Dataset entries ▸
----

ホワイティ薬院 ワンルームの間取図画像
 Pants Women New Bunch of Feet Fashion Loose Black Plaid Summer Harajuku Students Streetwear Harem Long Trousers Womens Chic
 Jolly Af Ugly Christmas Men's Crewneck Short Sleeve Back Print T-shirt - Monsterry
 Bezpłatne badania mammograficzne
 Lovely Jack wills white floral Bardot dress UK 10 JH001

----

Exercise objective ▸ Write out each record exactly, without addition or omission.

Response to this exercise ▸
ホワイティ薬院 ワンルームの間取図画像
 Pants Women New Bunch of Feet Fashion Loose Black Plaid Summer Harajuku Students Streetwear Harem Long Trousers Womens Chic
 Jolly Af Ugly Christmas Men's Crewneck Short Sleeve Back Print T-shirt - Monsterry
 Bezpłatne badania mammograficzne
 Lovely Jack wills white floral Bardot dress UK 10 JH001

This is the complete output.